## What the task requires
The answer is the full listing restated exactly, without any pictures.

## Available data
****************
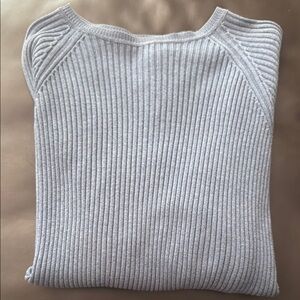 Blue Ribbed Knit Sweater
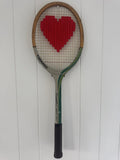 Vintage Tennis Racquet Wall Art - Red Heart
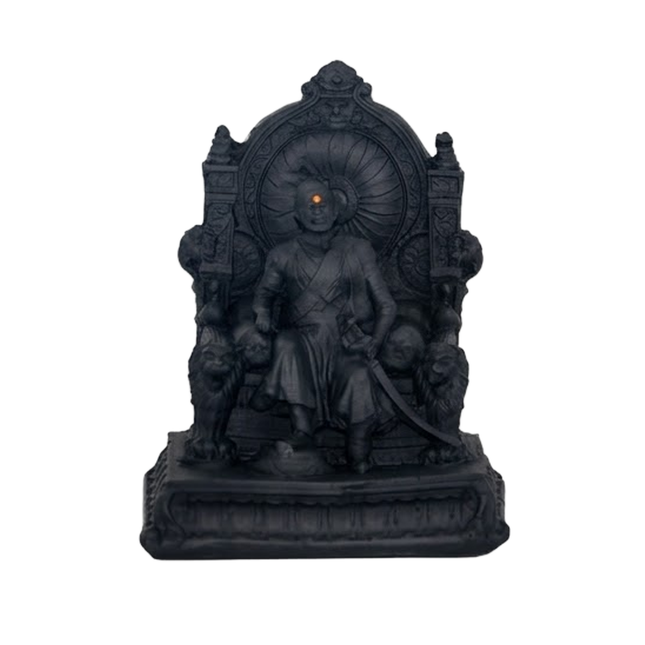 Chhatrapati Shivaji Maharaj on Throne – Matte Black Royal Edition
****************
## Exercise solution
 Blue Ribbed Knit Sweater
 Vintage Tennis Racquet Wall Art - Red Heart
 Chhatrapati Shivaji Maharaj on Throne – Matte Black Royal Edition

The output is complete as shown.